Following a visit to the lost-and-found office at Osh Airport, and some telephone calls and WhatsApp messages with the airline, we’re assured that the bikes will arrive at some point (most probably Monday morning), but the delay is frustrating given that we should already be on the road by now in order to meet the tight schedule necessary for Thomas to be home for some commitments he has in two weeks’ time.
The connected flights that brought us to Kyrgyzstan on Friday tracked a good part of the route that I had previously cycled out here from the UK, and I marvelled at my proximity (albeit from 33,000 feet) to so many of the places that had punctuated that route and provided respite from the toughness of my days on the bike. Most striking was to be so close to, and feel such familiarity with, places that in all likelihood I’m unlikely to pass through directly more than the once I did earlier this year. The Silk Road towns and cities, in particular, which had felt so mystical and rewarding in the context of my efforts to reach them through my own pedal power, were now laid out effortlessly below me, although just as clusters of lights in the depths of night.
While we wait to be reunited with our bikes in Osh, the temperature is rising, with a high of 40c forecast for tomorrow.
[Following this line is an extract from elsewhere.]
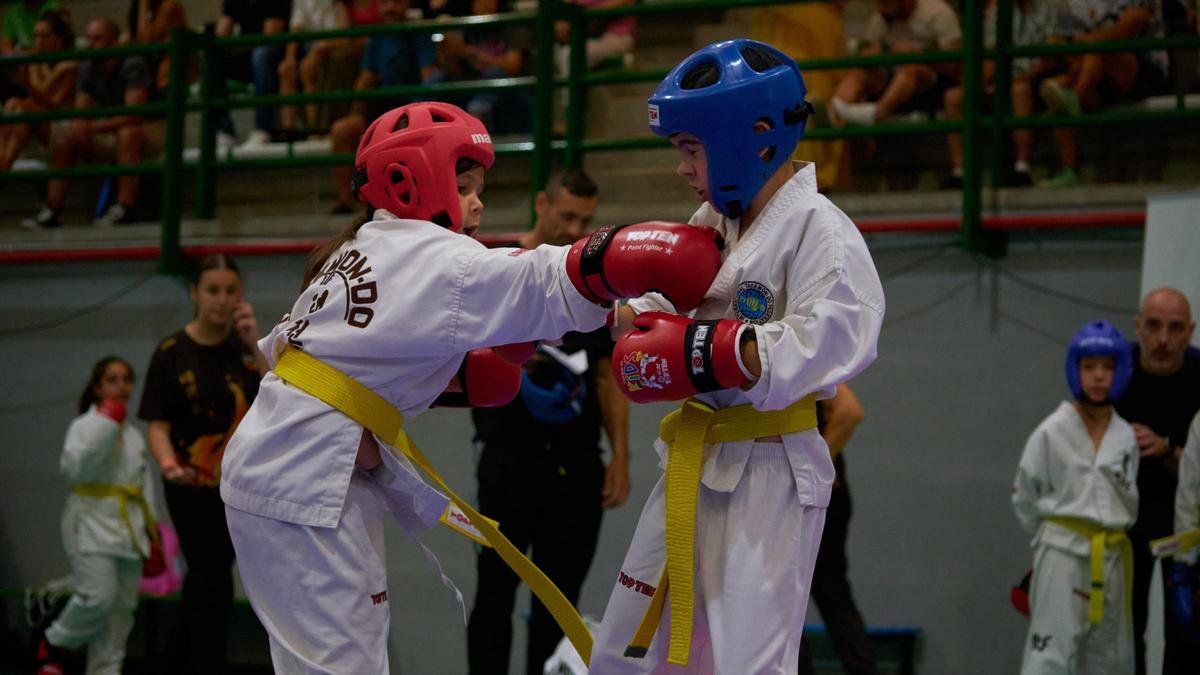 Dos jovenes taekwondistas, en la Torremolinos ITF Cup.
That feels intimidating, even if I know that I’ve recently overcome such intense heat in the Kyzylkum Desert of Uzbekistan. Kyrgyzstan is a country of mountains, with over 90% of its landmass covered by high mountain ranges, and while cycling with a 45kg set-up to altitudes above 3,000 metres is quite an extreme way to pursue more forgiving temperatures, cooler air will be very welcome where we can enjoy it.
Those that know Kyrgyzstan often refer to it as the most beautiful country on Earth, and while we don’t want our expectations to diminish the reality of what we’ll experience on our ride through the country, we’re excited about what lies ahead! Given the stunning landscape I enjoyed just on the bonus ride that nibbled into the mountains after I’d finished my ride from Trabzon to Osh, it promises to be spectacular.
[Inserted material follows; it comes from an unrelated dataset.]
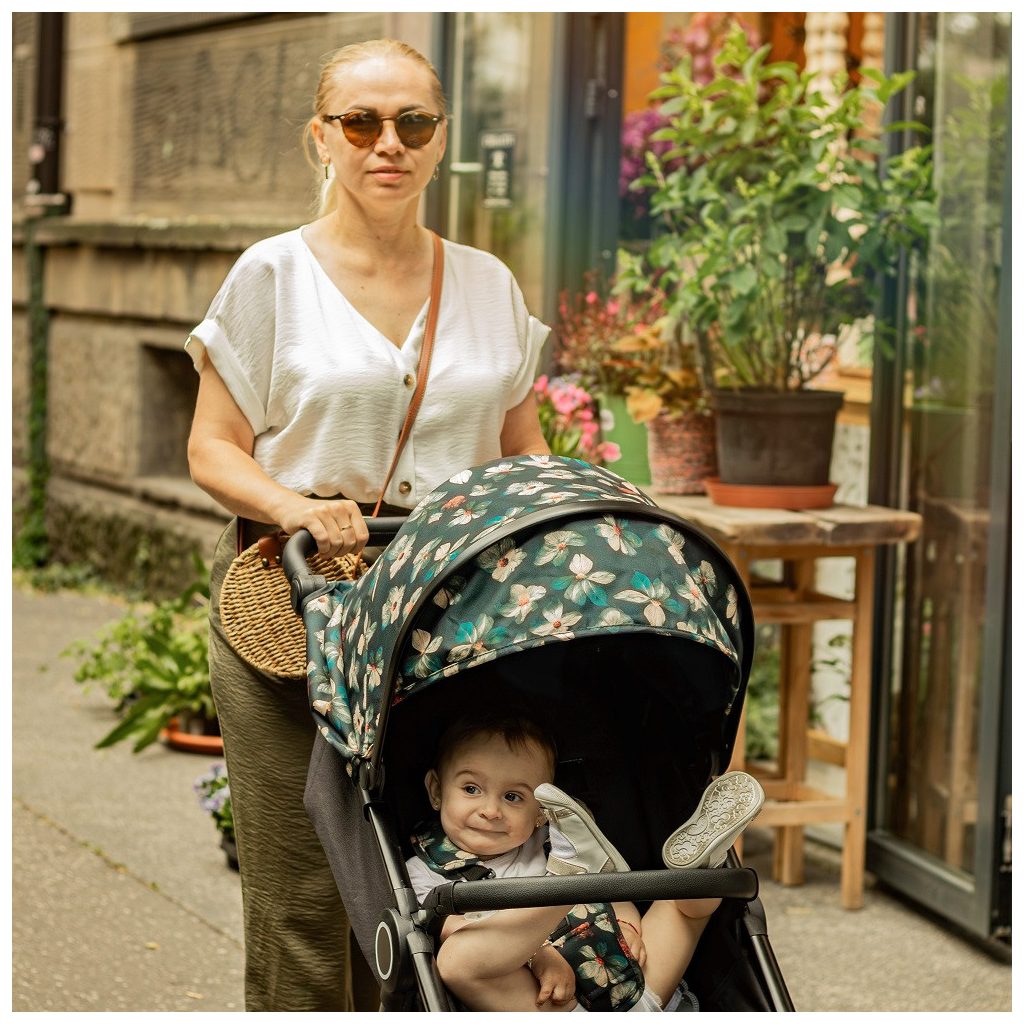 PETITE&MARS Napfénytető+ övvédő Street+/Street2 Limited 100 Flowers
From Osh, we’ll be heading in a north-westerly direction via the Koldomo Pass to Kazarman, and on to Chaek and Kochkor, before hugging the shores of Issyk-Kul, the second-largest mountain lake in the world after Lake Titicaca on the border of Bolivia and Peru, which I’m fortunate also to have visited. From the city of Karakol, at the lake’s eastern tip, we’ll head north into Kazakhstan (which, for me, will come 24 days of cycling after having left the south-west of the country to head into Uzbekistan), and finally we’ll turn west to ride into Almaty.
No doubt our spirits will be raised once we’re able to unpack and rebuild those bikes. Without them, we’re a little bereft!